■ What the task requires ■
All entries are to be reproduced exactly; the pictures are to be omitted.

■ Dataset ■
····················

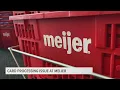 Card processing errors continue at Meijer stores temporarily go cash-only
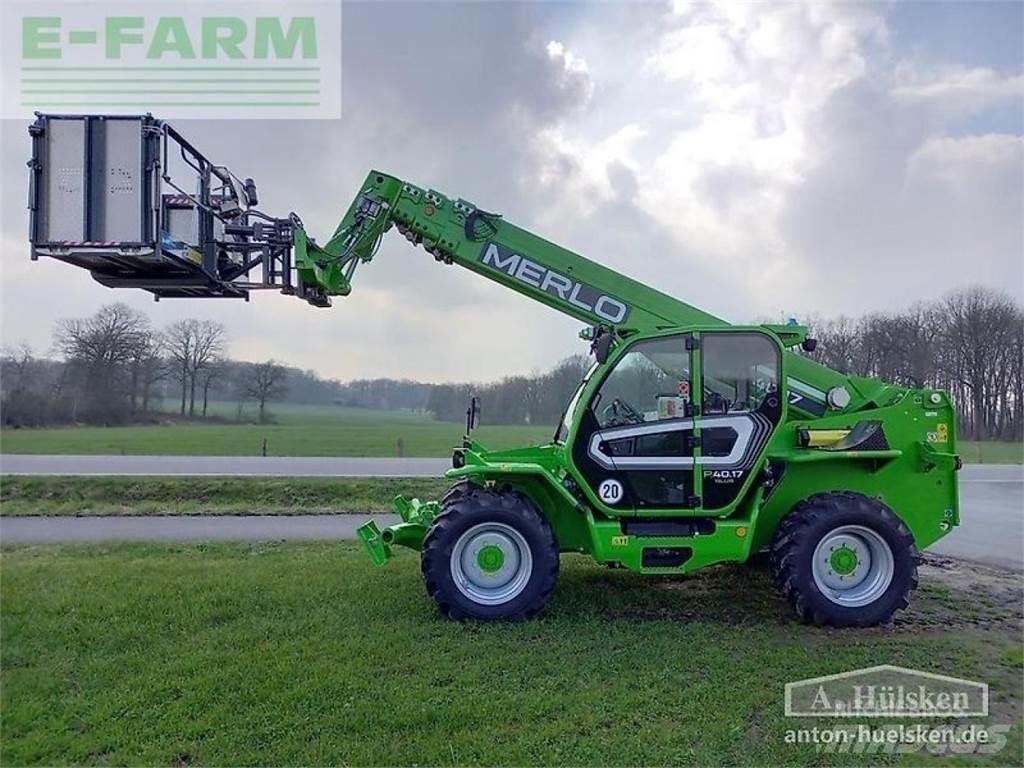 Merlo p40.17plus Télescopique agricole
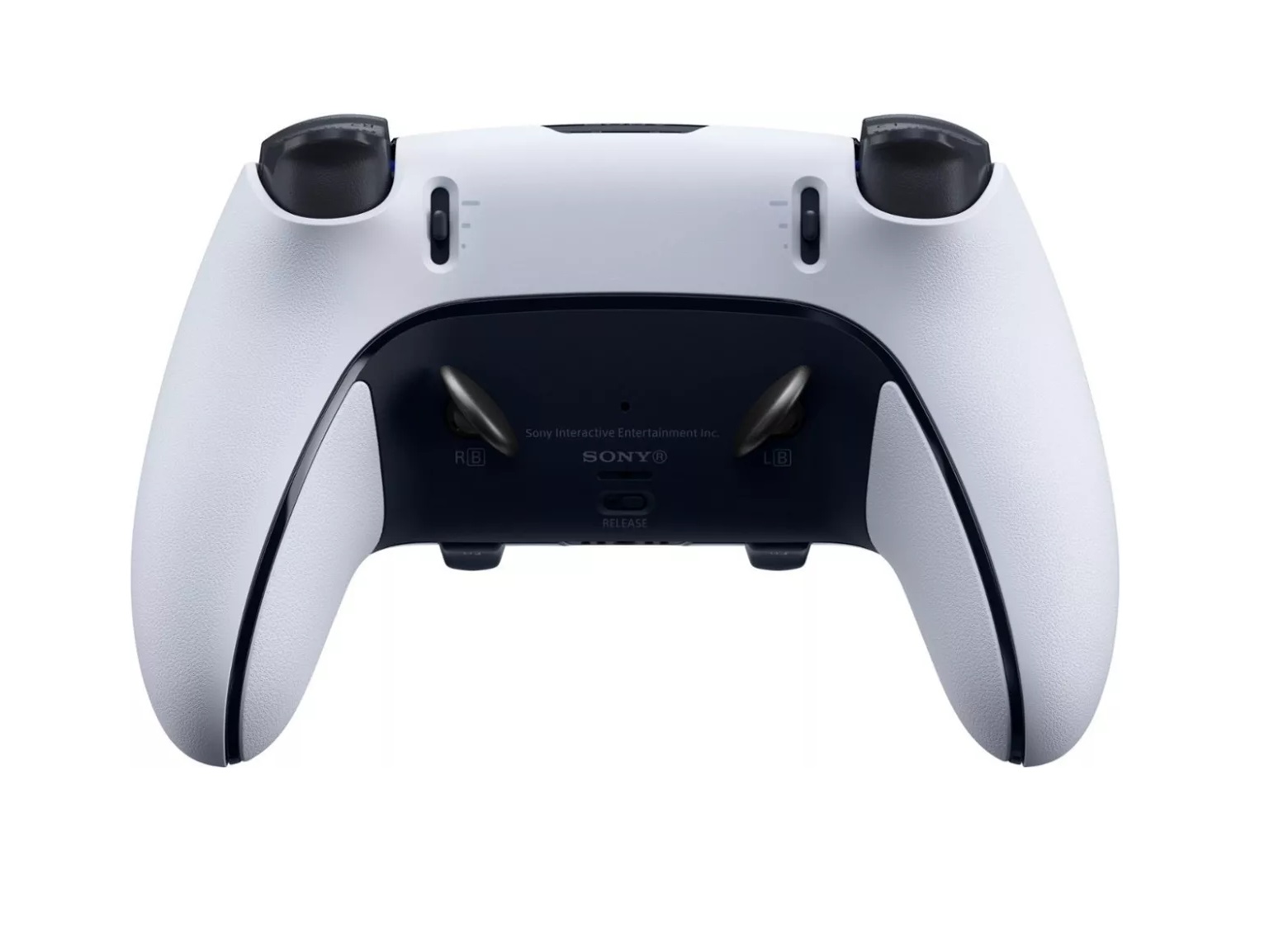 Control Inalámbrico Sony Playstation 5 Dualsense Edge Color Blanco Modelo CFI-ZCP1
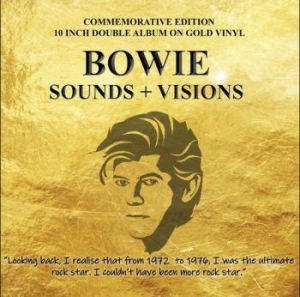 Bowie David - Sounds & Visions (2X10) in the group VINYL / Pop-Rock at Bengans Skivbutik AB (3867063)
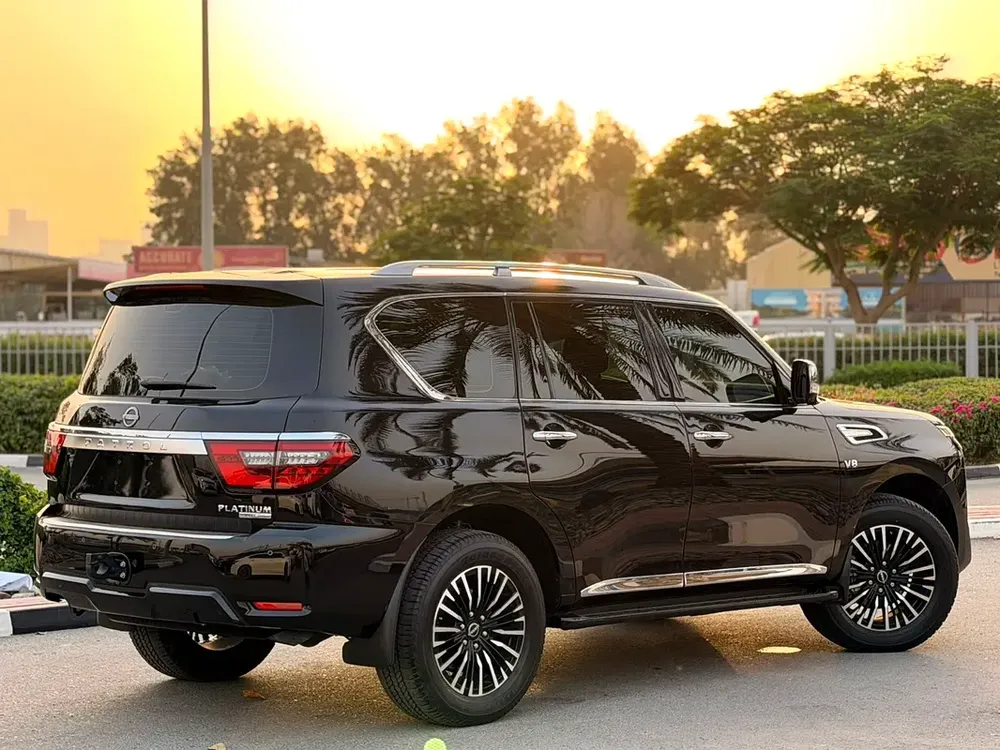 Nissan Patrol LE Platinum 2024 GCC Specs - Image 17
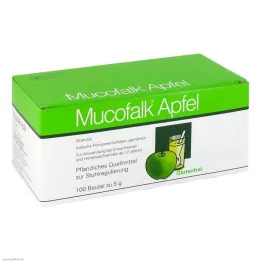 MUCOFALK Apple Gran szájon át alkalmazandó szuszpenzió készítéséhez, 100 db
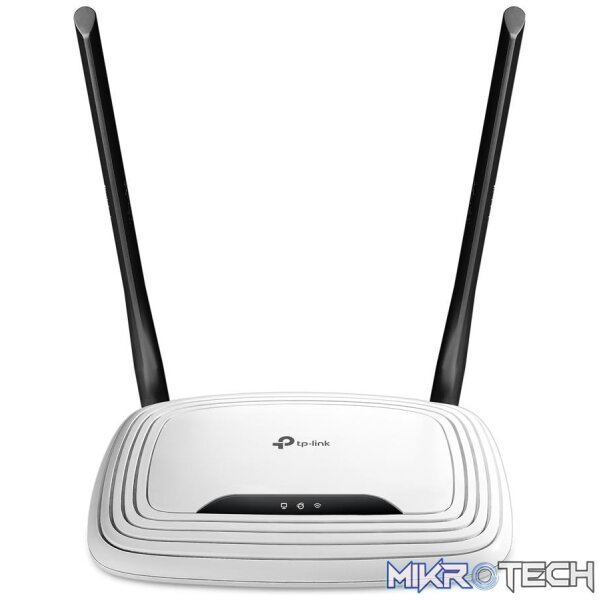 tl-wr841n-routers-33110257500324 TP-Link TL-WR841N 300MBPS Wireless N Router - Image 1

····················

■ Result of this task ■
 Card processing errors continue at Meijer stores temporarily go cash-only
 Merlo p40.17plus Télescopique agricole
 Control Inalámbrico Sony Playstation 5 Dualsense Edge Color Blanco Modelo CFI-ZCP1
 Bowie David - Sounds & Visions (2X10) in the group VINYL / Pop-Rock at Bengans Skivbutik AB (3867063)
 Nissan Patrol LE Platinum 2024 GCC Specs - Image 17
 MUCOFALK Apple Gran szájon át alkalmazandó szuszpenzió készítéséhez, 100 db
 tl-wr841n-routers-33110257500324 TP-Link TL-WR841N 300MBPS Wireless N Router - Image 1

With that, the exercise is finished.